Technical Analysis, Technical Indicators, Pivot Points

In a few words, a pivot point (PP) is a level in which the sentiment of traders and investors changes from bull to bear or vice versa.
Why PP works?
They work simply because many traders and investors (including bank and institutional traders) use and trust them. It is known by every trader that the pivot point is an important measure of strength or weakness of any market.
There are several ways to calculate the pivot point. The method we found to have the most accurate results is calculated by taking the average of the high, low and close of a previous period (or session).
Warning – some pretty boring maths ahead. The good news is that almost all charting platforms will automatically calculate this for you and draw the lines on in whatever pretty colour you like. But as this is the ADVANCED course we think you should have a basic idea of how they are calculated.
Pivot point (PP) = (High + Low + Close) / 3
Take for instance the following EUR/USD information from the previous session:
Open: 1.2386
High: 1.2474
Low: 1.2376
Close: 1.2458
The PP would be,
PP = (1.2474 + 1.2376 + 1.2458) / 3 = 1.2436
So, what does this number tell us? It simply tells us that if the market is trading above 1.2439, Bulls are winning the battle pushing the prices higher. In addition, if the market is trading below this 1.2439 the bears are winning the battle pulling prices lower. In both cases this condition is likely to sustain until the next session.
Since the Forex market is a 24hr market (no close or open from day to day) there has been an ongoing battle deciding at what times we should take the open, close, high and low from each session. From our point of view, the times that produce more accurate predictions is taking the open at 00:00 GMT and the close at 23:59 GMT (obviously the high and low in between those hours).
Besides the calculation of the PP, there are other support and resistance levels that are calculated using the PP as a reference.

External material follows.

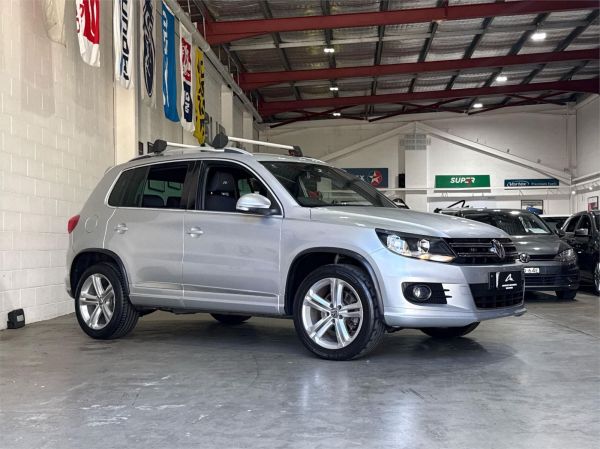 2015 VOLKSWAGEN TIGUAN 4D WAGON 5NC MY15 132 TSI (4x4) image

Support 1 (S1) = (PP * 2) – H
Resistance 1 (R1) = (PP * 2) - L
Support 2 (S2) = PP – (R1 – S1)
Resistance 2 (R2 ) = R1 + (PP – S1)
Where, H is the High of the previous period
L is the low of the previous period
Continuing with the example above, PP = 1.2436
S1 = (1.2436 * 2) - 1.2474 = 1.2398
R1 = (1.2436 * 2) – 1.2376 = 1.2496
R2 = 1.2496 + (1.2436 – 1.2398) = 1.2338
S2 = 1.2436 – (1.2496 – 1.2398) = 1.2534
These levels are supposed to mark support and resistance levels for the current session.

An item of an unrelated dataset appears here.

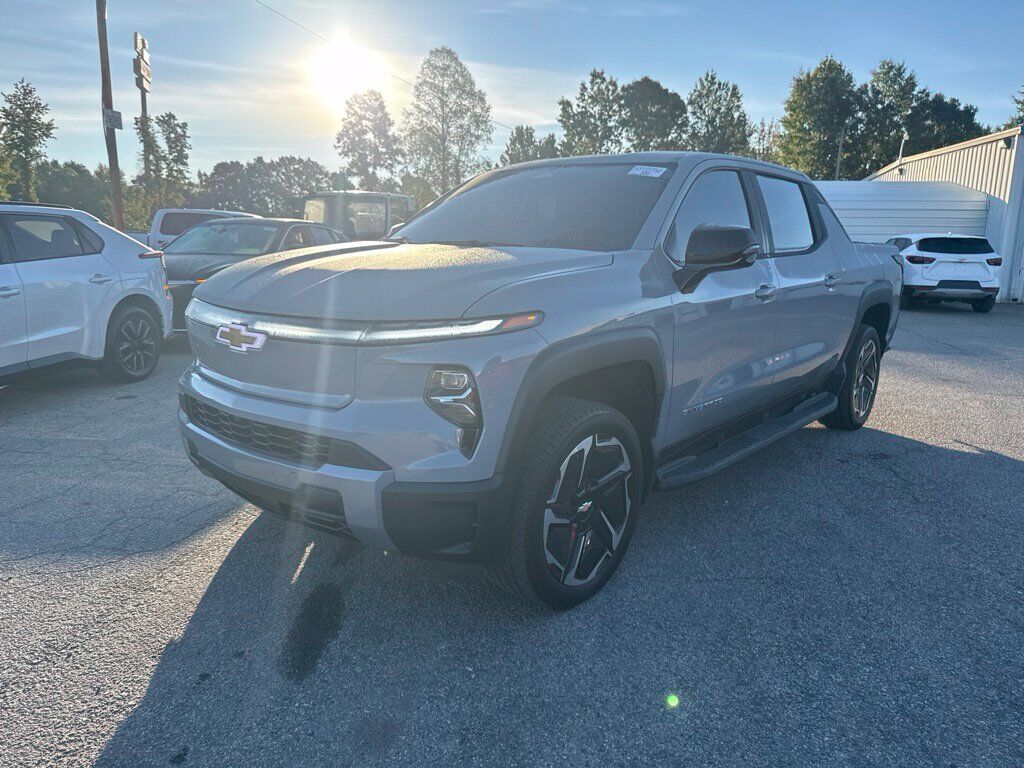 2025 CHEVROLET Silverado EV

In the next chart we have calculated the PP and the support and resistance levels for September 5th.
S2 = 1.2616
S1 = 1.2579
PP = 1.2545
R1 = 1.2508
R2 = 1.2474
Forex Pivot Points
[Chart 1]
Vertical lines separate sessions (4th and 5th of September). As we can see, the market went rapidly below the PP level. From that point on, we should be careful with longs, and start thinking on shorts, because the sentiment of traders and investors is turning to “net short”.
Notice how the PP represents a resistance on early September 5th. Notice also S1 rejected twice the price as it approached the S1 level representing good trading opportunities. Finally, S2 marked a good support, this indicates weakness on current bears, which tells us that the sentiment is not as strong as it was at the beginning of the trading session.
On the example above, the PP was calculated using information of the previous session (previous day). This way we could see possible intraday resistance and support levels. But it can also be calculated using the previous weekly or monthly data to determine such levels. By doing so, we are able to see the sentiment over longer periods of time. In addition, we can see possible levels that might offer support and resistance throughout the week or month. Calculating the weekly or monthly pivot point is mostly used by long term traders, and as we said, it gives us a good idea about the longer term trend.